__Information given__.
━━━━━━━━━━━━━━━━━━━━━━━━━━━━━━
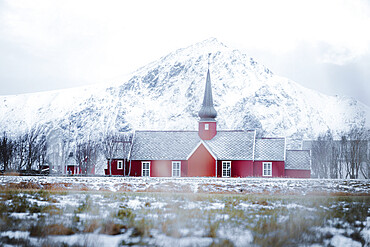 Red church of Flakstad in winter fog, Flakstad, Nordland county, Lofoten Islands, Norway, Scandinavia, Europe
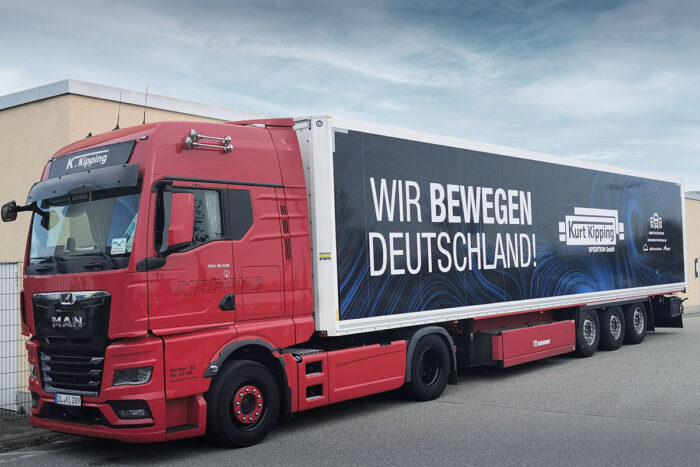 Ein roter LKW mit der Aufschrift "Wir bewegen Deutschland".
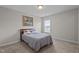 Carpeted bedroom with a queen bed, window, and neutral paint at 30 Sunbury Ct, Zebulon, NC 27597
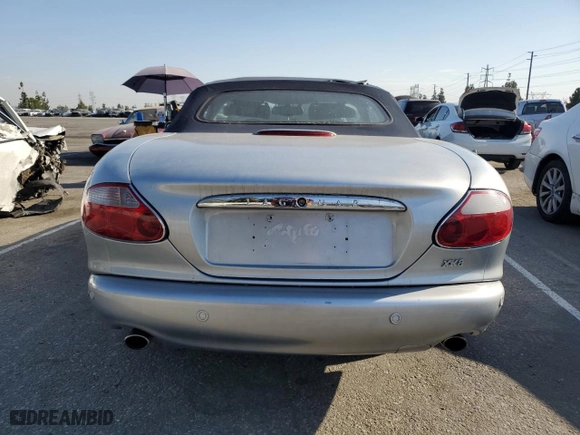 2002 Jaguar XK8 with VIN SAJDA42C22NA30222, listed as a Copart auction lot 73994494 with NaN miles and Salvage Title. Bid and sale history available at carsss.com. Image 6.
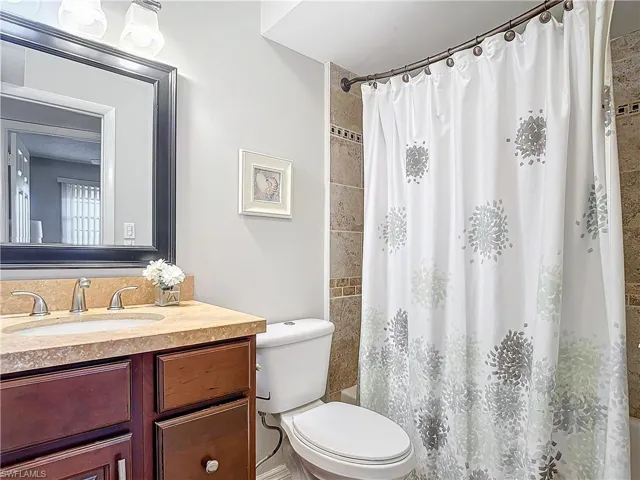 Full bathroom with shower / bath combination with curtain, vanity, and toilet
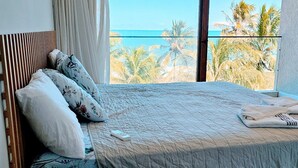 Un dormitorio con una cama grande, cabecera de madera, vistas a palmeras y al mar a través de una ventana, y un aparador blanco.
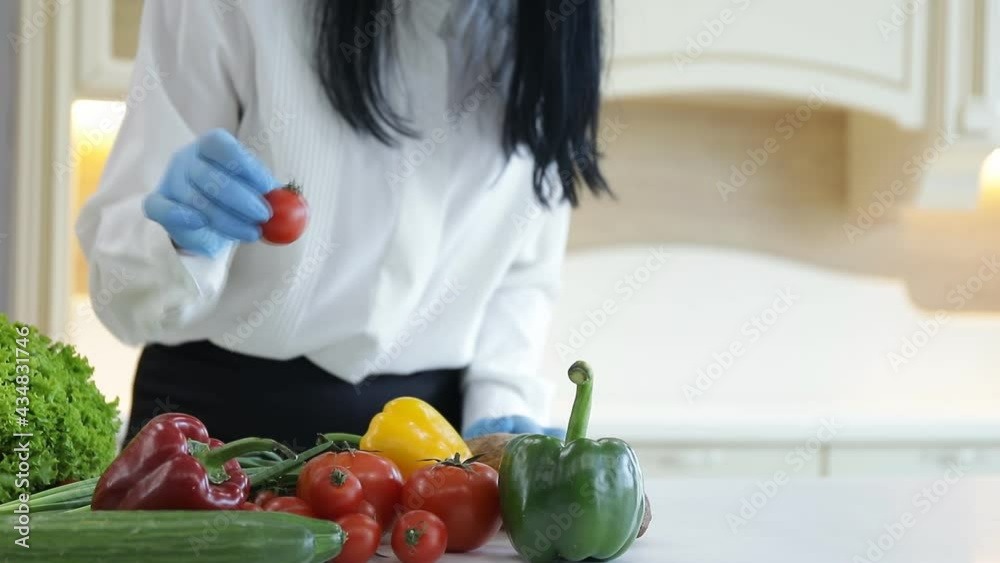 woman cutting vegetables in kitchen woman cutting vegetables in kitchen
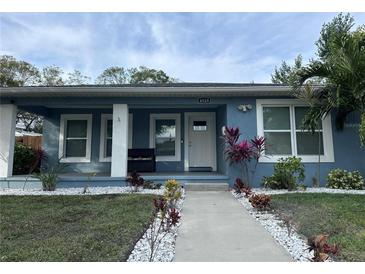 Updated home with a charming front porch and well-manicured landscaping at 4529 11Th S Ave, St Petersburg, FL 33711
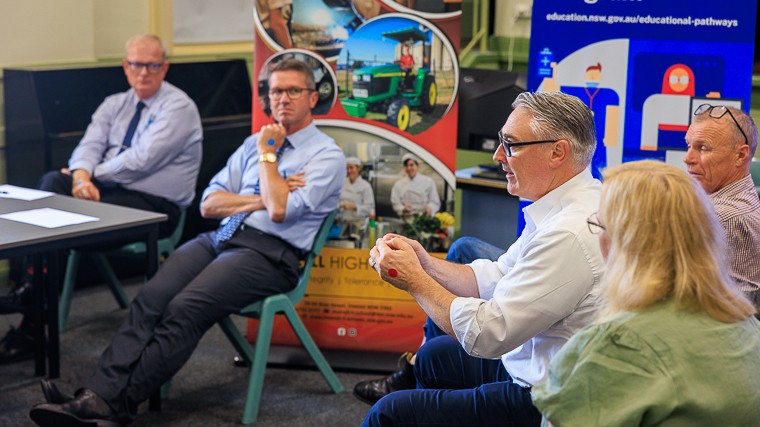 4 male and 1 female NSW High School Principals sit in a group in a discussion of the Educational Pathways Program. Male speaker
━━━━━━━━━━━━━━━━━━━━━━━━━━━━━━
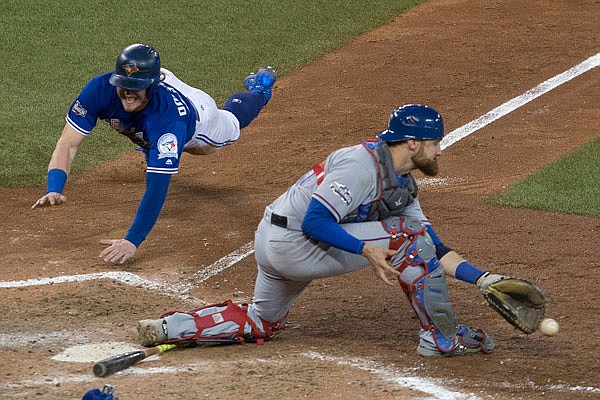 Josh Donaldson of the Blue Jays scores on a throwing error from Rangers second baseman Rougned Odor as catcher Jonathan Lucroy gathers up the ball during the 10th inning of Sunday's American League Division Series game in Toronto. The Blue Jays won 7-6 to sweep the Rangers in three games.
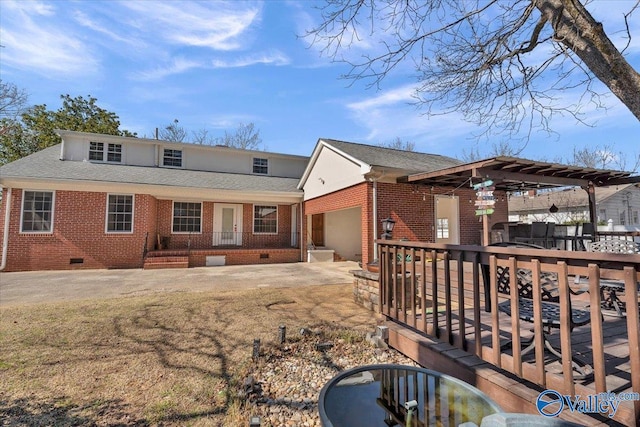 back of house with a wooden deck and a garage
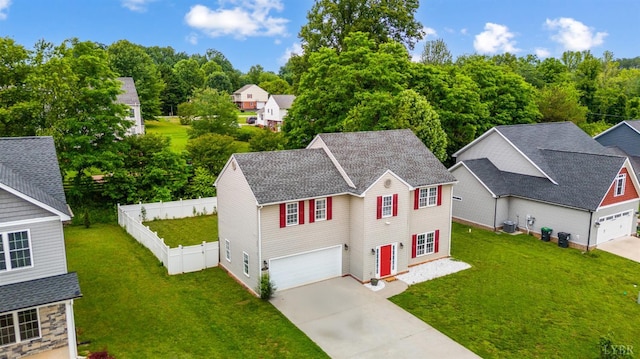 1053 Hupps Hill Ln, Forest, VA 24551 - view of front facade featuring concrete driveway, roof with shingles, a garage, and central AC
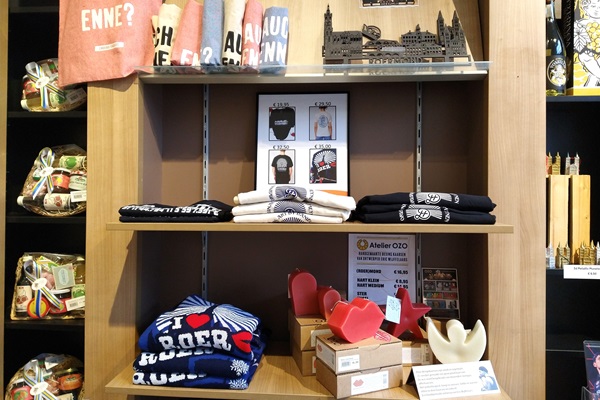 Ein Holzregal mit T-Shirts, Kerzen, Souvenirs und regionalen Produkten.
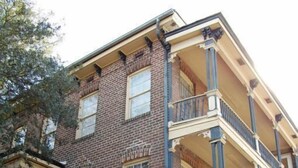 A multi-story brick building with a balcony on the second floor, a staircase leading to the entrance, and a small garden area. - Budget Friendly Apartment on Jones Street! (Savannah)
━━━━━━━━━━━━━━━━━━━━━━━━━━━━━━
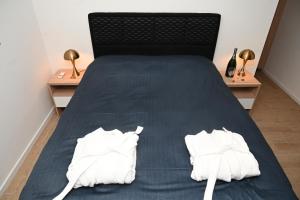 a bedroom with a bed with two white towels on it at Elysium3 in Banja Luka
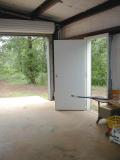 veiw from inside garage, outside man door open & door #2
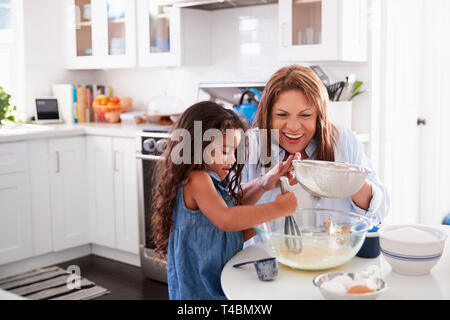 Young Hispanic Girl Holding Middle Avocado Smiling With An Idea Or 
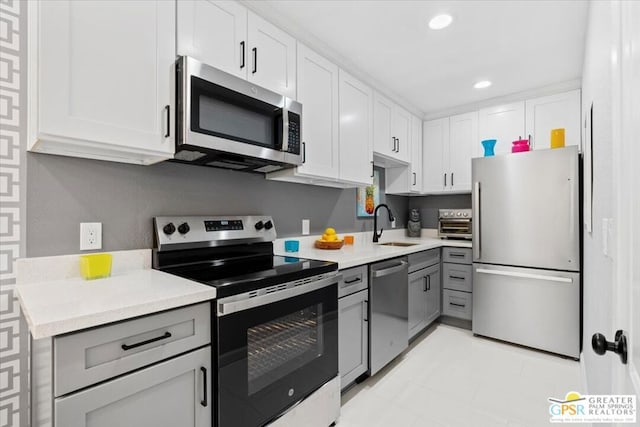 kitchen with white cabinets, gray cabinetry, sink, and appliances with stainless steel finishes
━━━━━━━━━━━━━━━━━━━━━━━━━━━━━━
__The problem__.
Transcribe, from the material above, the stretch starting at the line with "1053 Hupps Hill" and ending at the line with "A multi-story brick", both included, exactly. Do not carry over pictures.

__Solution to this exercise__.
 1053 Hupps Hill Ln, Forest, VA 24551 - view of front facade featuring concrete driveway, roof with shingles, a garage, and central AC
 Ein Holzregal mit T-Shirts, Kerzen, Souvenirs und regionalen Produkten.
 A multi-story brick building with a balcony on the second floor, a staircase leading to the entrance, and a small garden area. - Budget Friendly Apartment on Jones Street! (Savannah)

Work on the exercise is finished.